• **Task**
Each record below should be returned exactly, with its pictures left out.

• **Supplied material**

▶

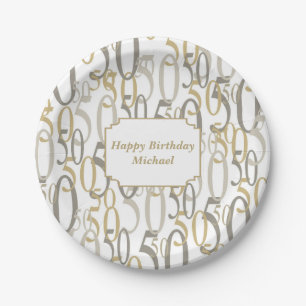 Assiettes En Carton Fête d'anniversaire personnalisée grands par 50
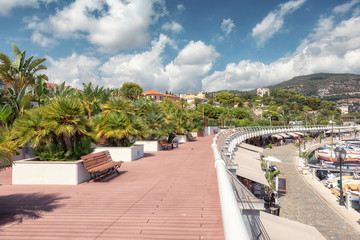 Fototapeta premium Impression of the shops and restaurants at the port of the French village of Saint-Jean Cap-Ferrat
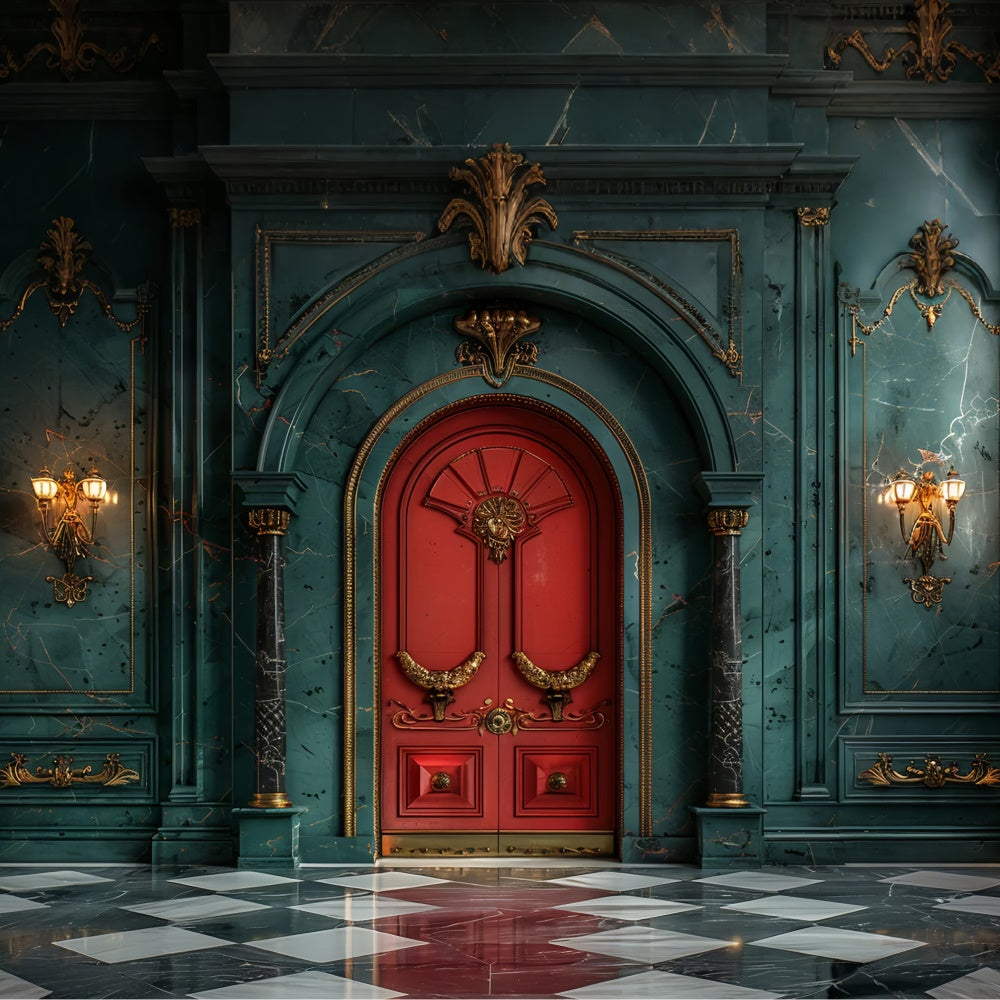 Red Christmas Door in Marble Hall Backdrop UK BRP9-78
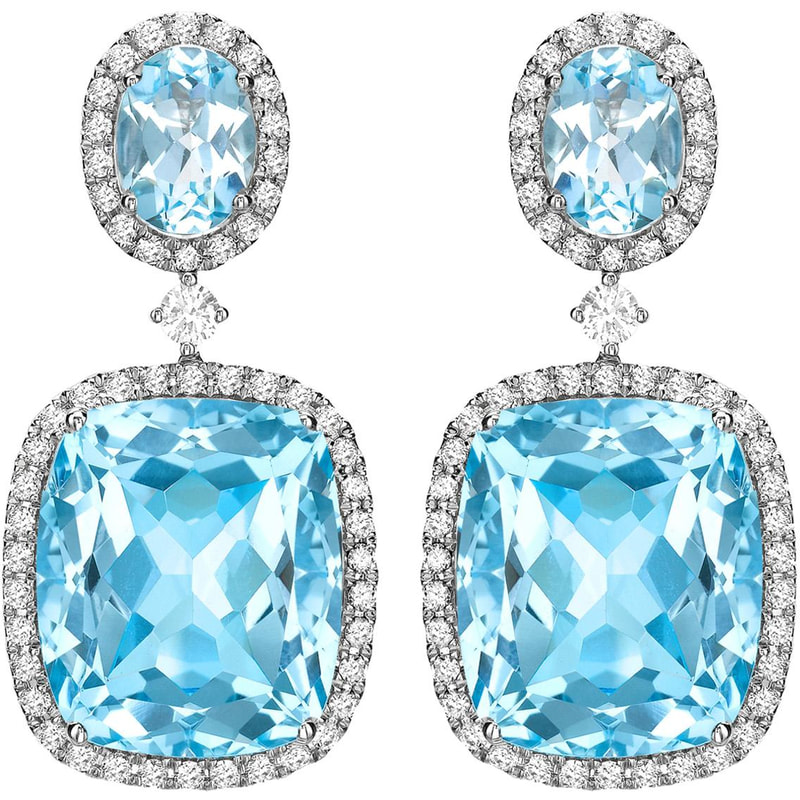 Kiki McDonough Blue Topaz and Diamond Drop Earrings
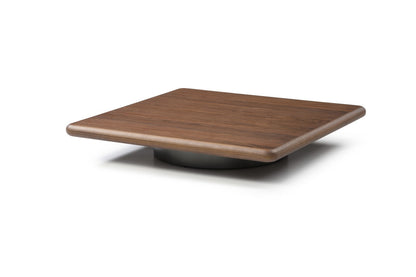 Brown & Silver Wood & Stainless Steel Square Pedestal Coffee Table image 4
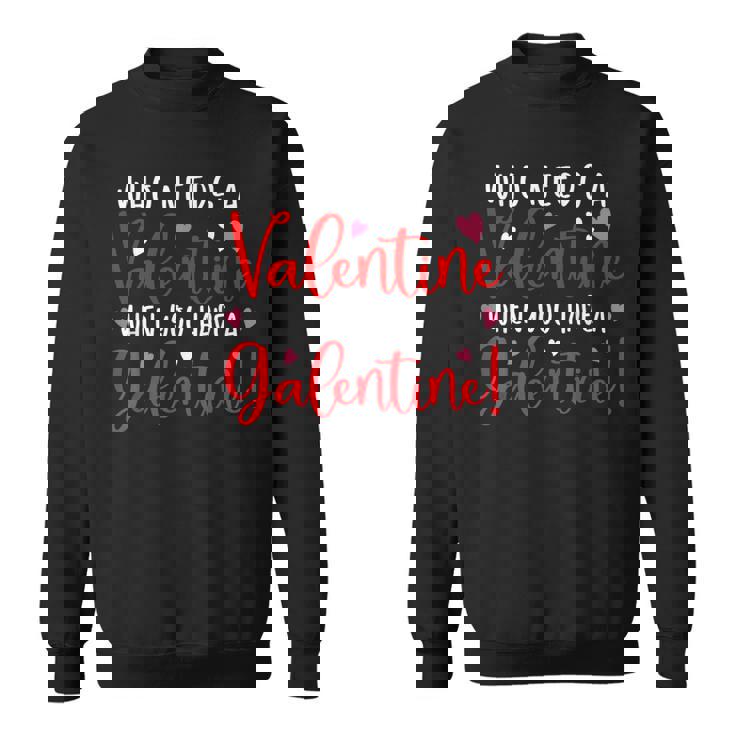Happy Galentines Day Adult Women's Black Small Modern Straight Fit Round Neck Sweatshirt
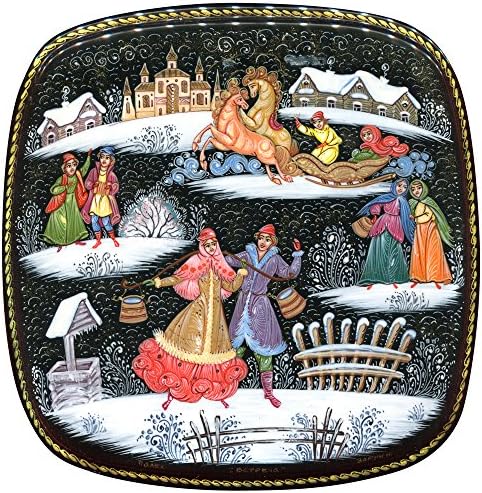 Hand-Painted - Rendezvous. Palekh Lacquer Box for Storage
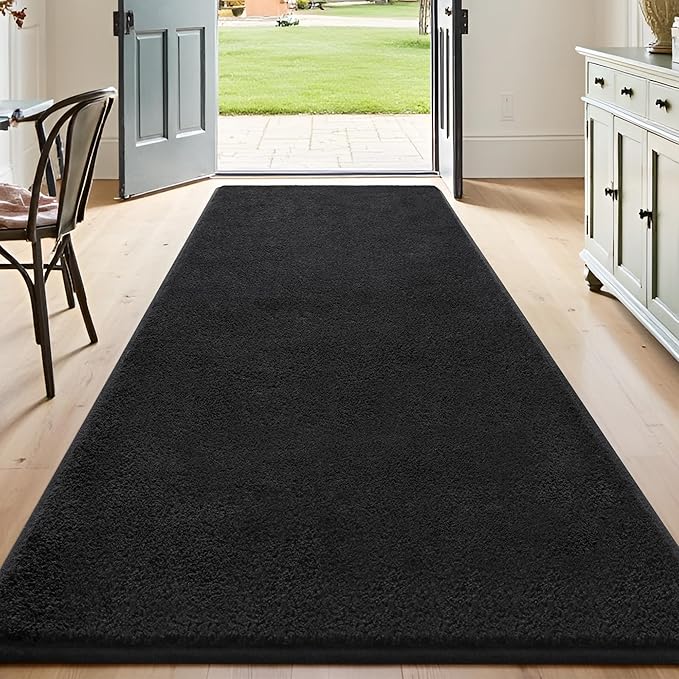 Keeko 2x6 Runner Rug, Black Bedroom Bedside Runner Rug Small Carpet Living Room Area Throw Rugs for Hallway Soft Indoor Memory Foam Rugs for Teen Kids Classroom Nursery Dorm Laundry Room Decor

◀

• **Solution to this exercise**
 Assiettes En Carton Fête d'anniversaire personnalisée grands par 50
 Fototapeta premium Impression of the shops and restaurants at the port of the French village of Saint-Jean Cap-Ferrat
 Red Christmas Door in Marble Hall Backdrop UK BRP9-78
 Kiki McDonough Blue Topaz and Diamond Drop Earrings
 Brown & Silver Wood & Stainless Steel Square Pedestal Coffee Table image 4
Happy Galentines Day Adult Women's Black Small Modern Straight Fit Round Neck Sweatshirt
 Hand-Painted - Rendezvous. Palekh Lacquer Box for Storage
 Keeko 2x6 Runner Rug, Black Bedroom Bedside Runner Rug Small Carpet Living Room Area Throw Rugs for Hallway Soft Indoor Memory Foam Rugs for Teen Kids Classroom Nursery Dorm Laundry Room Decor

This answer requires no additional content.